So, how do you deal with dissent, if dissent has this logic. And by the way, every single democracy faces this problem. You can’t just deal with it within the simple logic of disagreement. That’s easy, I can just choose to ignore you. You can say whatever you want, so long as you’re not being able to persuade other people it’s perfectly fine. So, when faced with genuine dissent, in a sense, this prospect of withdrawal of consent or this puncturing of the myth of consent; this puncturing of the legitimacy that the state is claiming in respect to that matter, the states option that becomes is you want to deny those who are dissenting this way, their standing. You want to say that their seeming performance or threat of a withdrawal of consent; their enacting a refusal to recognise the legitimacy of a law does not count because they are violating some basic civic obligations. And the only way in which you can do this is by de-facto criminalising them.

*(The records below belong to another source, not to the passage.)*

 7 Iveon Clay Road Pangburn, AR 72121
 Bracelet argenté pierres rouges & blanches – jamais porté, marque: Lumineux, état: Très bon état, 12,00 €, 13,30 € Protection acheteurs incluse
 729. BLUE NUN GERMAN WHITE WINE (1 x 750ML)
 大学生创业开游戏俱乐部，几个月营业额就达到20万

The attack on dissent is not so much an attack on particular ideas – often it is, the government just doesn’t like those ideas – but what makes the attack on the dissenter – why you need to criminalise them – is you have to, in a sense, deny them standing as citizens. Because only by denying them that can you say “look, our myth of consent has not been punctured or questioned”.

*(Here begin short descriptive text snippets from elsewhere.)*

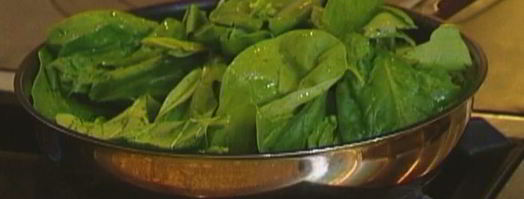 пирожки со шпинатом, курицей и кедровыми орешками. Шаг 3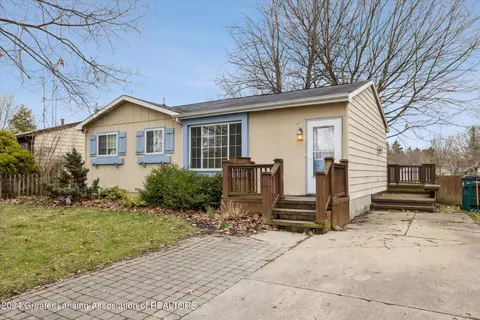 Exterior - 4017 Heathgate Dr, Lansing, MI 48910 photo 4 of 11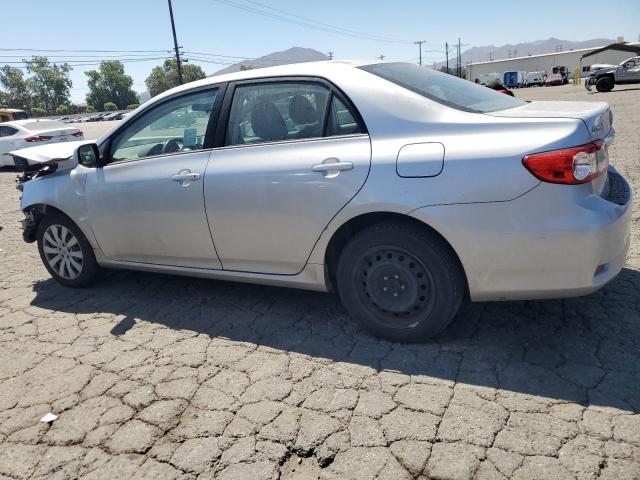 5YFBU4EE8CP052107 - 2012 TOYOTA COROLLA BASE Серебристый фото 2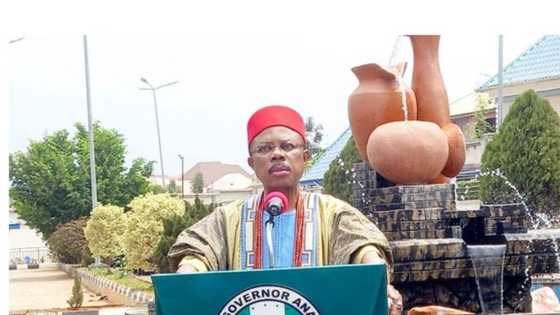 Shugaban EFCC, Bawa, ya yi martani kan kamen tsohon gwamna, zargin cin zarafinsa a siyasance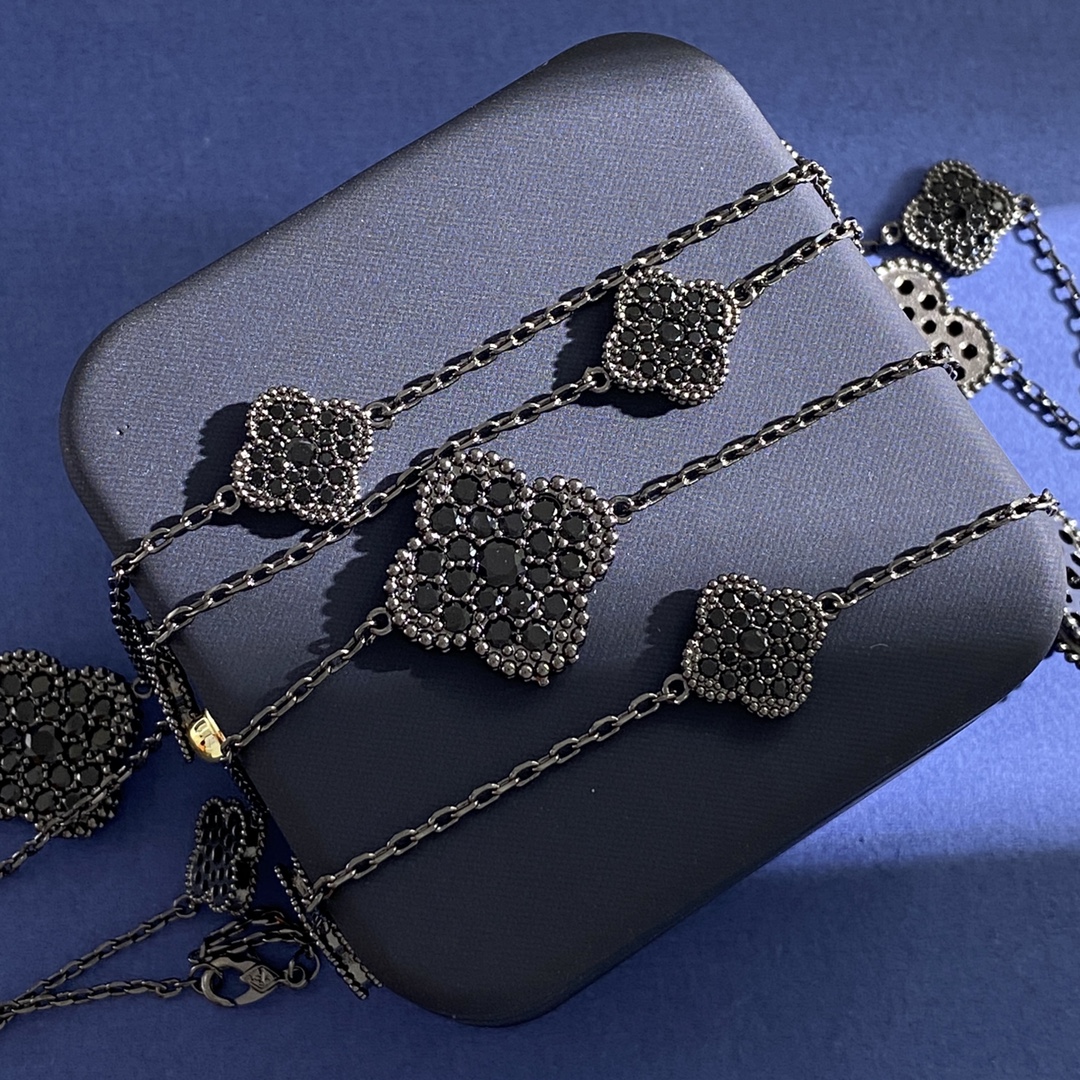 VCN034 Black Magic Alhambra long necklace with stone, 16 motifs - ccjewelryacc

Now, this rather obvious truth – that the crushing of dissent in a democracy; the crushing of that refusal is about preserving the legitimacy of the myth of consent – explains two things. One, it explains the logic of laws that actually regulate dissent and convert dissent into criminal crimes. Think of all the laws through which dissent is criminalised – sedition, terrorism, public order provisions, regulation of public protest, the ban on strikes, in a sense, the regulation of speech that expresses contempt of court sometimes. What is the common thread in all of these laws? In sedition and suspicion of terrorism charges, the claim is express: that these are groups that are withdrawing their consent from the state and that is manifest in the fact that they committed to the violent overthrow of the state. And of course, sometimes there are groups like that, let’s not underplay that fact. But the criminalisation – the process of criminalisation of dissent is the idea that more and more groups should be treated not just as expressing a different opinion but as different ways of withholding consent. This is exactly the strategy that is being, for example, deployed in two of the major protests of our times. The targeting of CAA protestors – why are they being tried under UAPA, which is a law expressly designed for those whom you don’t want to give standing as reasonable citizens.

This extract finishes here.